DATA PROVIDED —
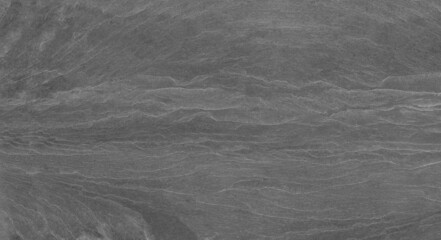 Black wall slate texture rough background, dark concrete floor or old grunge background.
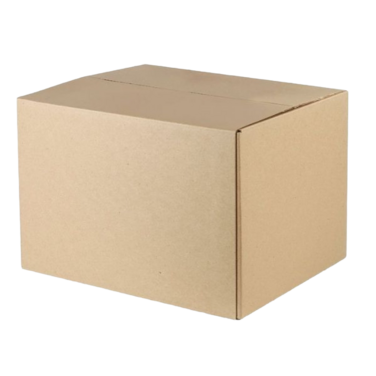 Набір келихів C&S Zephyr, 4х220 мл (7109271)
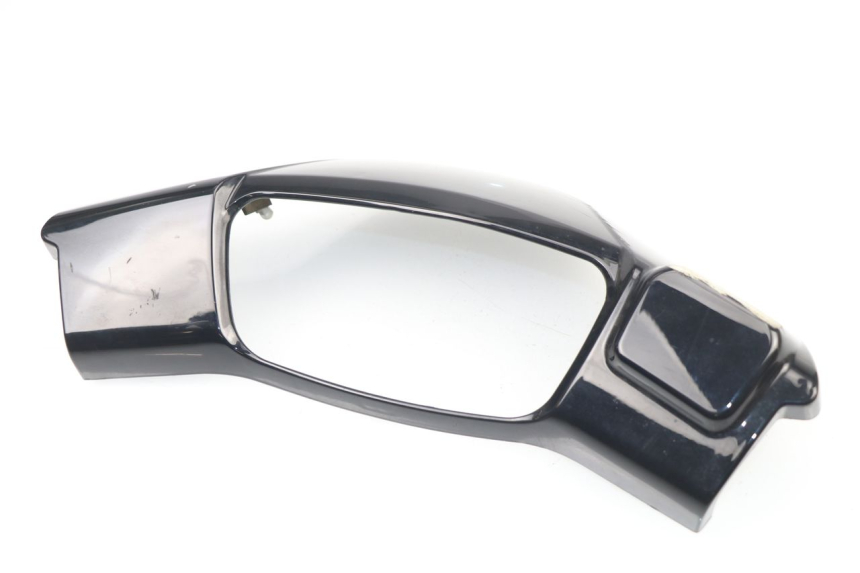 photo de TAPA MANILLAR TRASERO JM MOTORS VIPER 4T 50 (2015 - 2022) - Vista principal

DIRECTIONS —
What do the lines above say from the line containing "Набір келихів C&S Zephyr, 4х220 мл (7109271)" through the last line? Quote them exactly, both ends included, and leave out the pictures.

COMPLETED EXERCISE —
 Набір келихів C&S Zephyr, 4х220 мл (7109271)
 photo de TAPA MANILLAR TRASERO JM MOTORS VIPER 4T 50 (2015 - 2022) - Vista principal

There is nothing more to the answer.